** Opening Data for processing block **

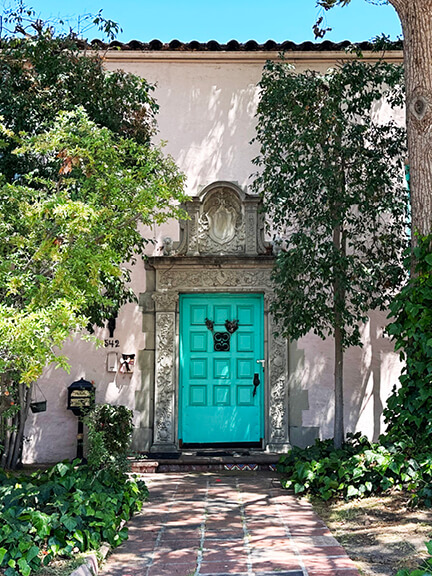 Historic architecture in Los Angeles captured in a pink stucco home with teal door, natural stone detailing, and a lush garden.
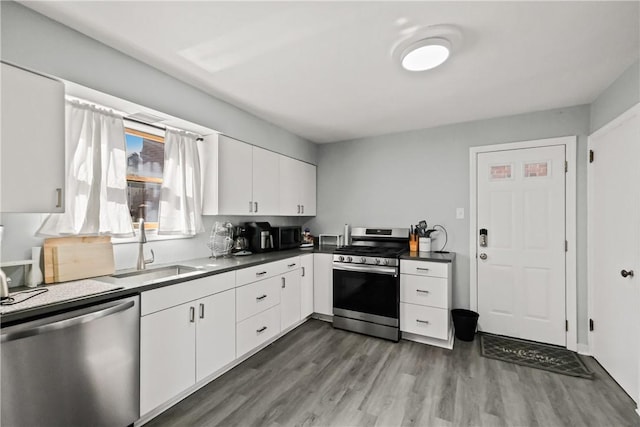 kitchen with dark hardwood / wood-style floors, appliances with stainless steel finishes, white cabinets, and sink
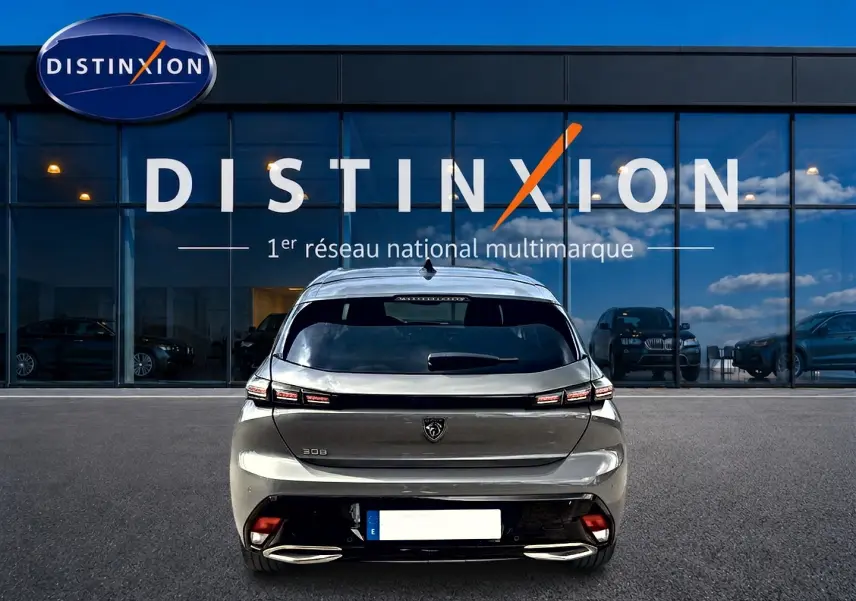 Vue arrière d'une Peugeot 308 gris selenium 2025 avec feux LED et double sortie d'échappement chromée.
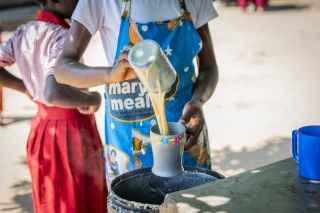 Volunteer pouring porridge for a child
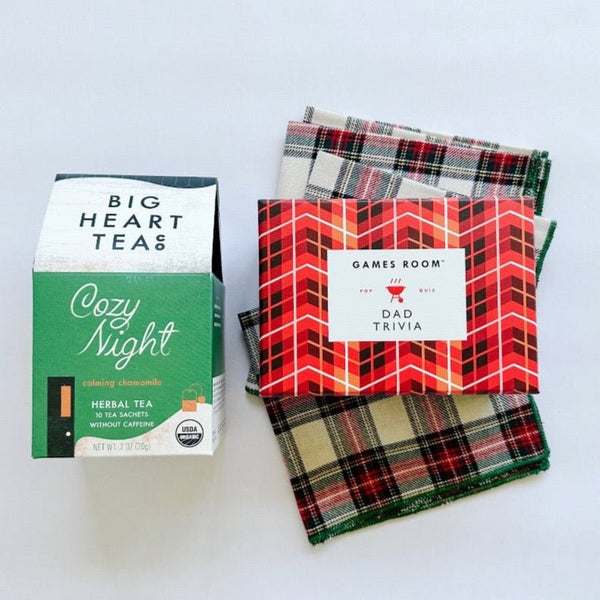Dad Trivia paired with cozy night tea and festive tartan table linens. A perfect treat for dad.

** Closing Data for processing block **

[Task prompt] Output the lines above verbatim, images excluded.

[Task output]
 Historic architecture in Los Angeles captured in a pink stucco home with teal door, natural stone detailing, and a lush garden.
 kitchen with dark hardwood / wood-style floors, appliances with stainless steel finishes, white cabinets, and sink
 Vue arrière d'une Peugeot 308 gris selenium 2025 avec feux LED et double sortie d'échappement chromée.
 Volunteer pouring porridge for a child
Dad Trivia paired with cozy night tea and festive tartan table linens. A perfect treat for dad.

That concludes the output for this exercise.